Activity ::
Starting at the first line of the data, please print exactly those lines through the one that holds "The 505 Regular", omitting every picture.

Material provided ::

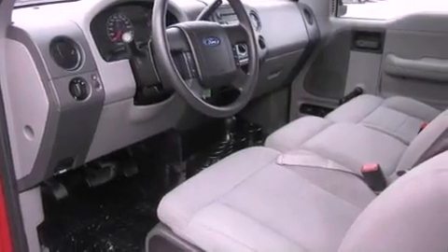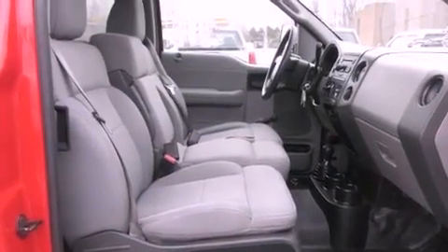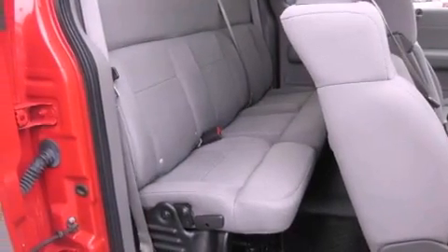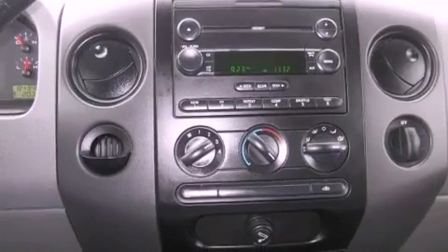All of the following features are included: aluminum wheels, a sliding rear window, a CD player, a bed liner, running boards, a passenger side vanity mirror, fog lamps, an anti-lock braking system, privacy glass, and cruise control.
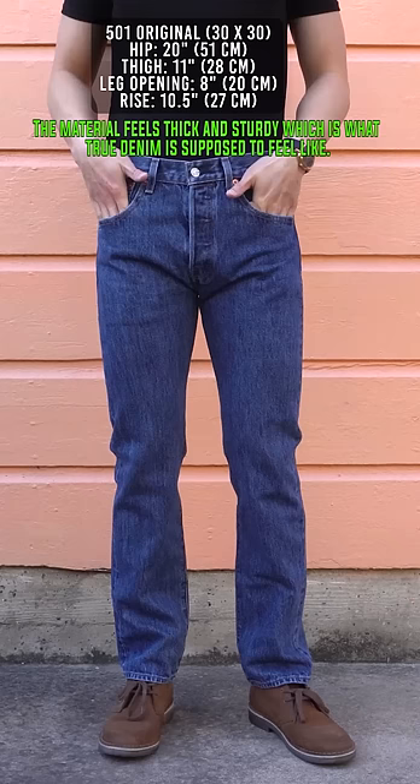The 505 Regular fits half an inch more narrow in the thighs and a quarter inch more narrow in the leg opening, making these jeans more slimming than the 501.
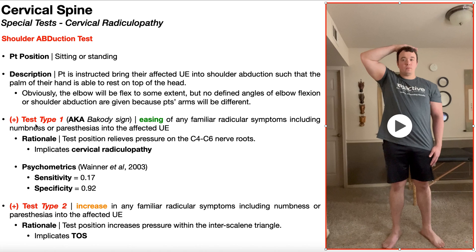The psychometrics for this type of positive test have been studied by Wainer et al. in 2003. They reported a sensitivity of 17%, which is poor, but a specificity of 92%. Meaning, if you perform this test and there is a reduction in radicular symptoms in the upper extremity, there is a 92% chance the patient has cervical radiculopathy. That's a very good specificity, but given the low sensitivity, you cannot use this test to rule out cervical radiculopathy.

Exercise output ::
All of the following features are included: aluminum wheels, a sliding rear window, a CD player, a bed liner, running boards, a passenger side vanity mirror, fog lamps, an anti-lock braking system, privacy glass, and cruise control.
The 505 Regular fits half an inch more narrow in the thighs and a quarter inch more narrow in the leg opening, making these jeans more slimming than the 501.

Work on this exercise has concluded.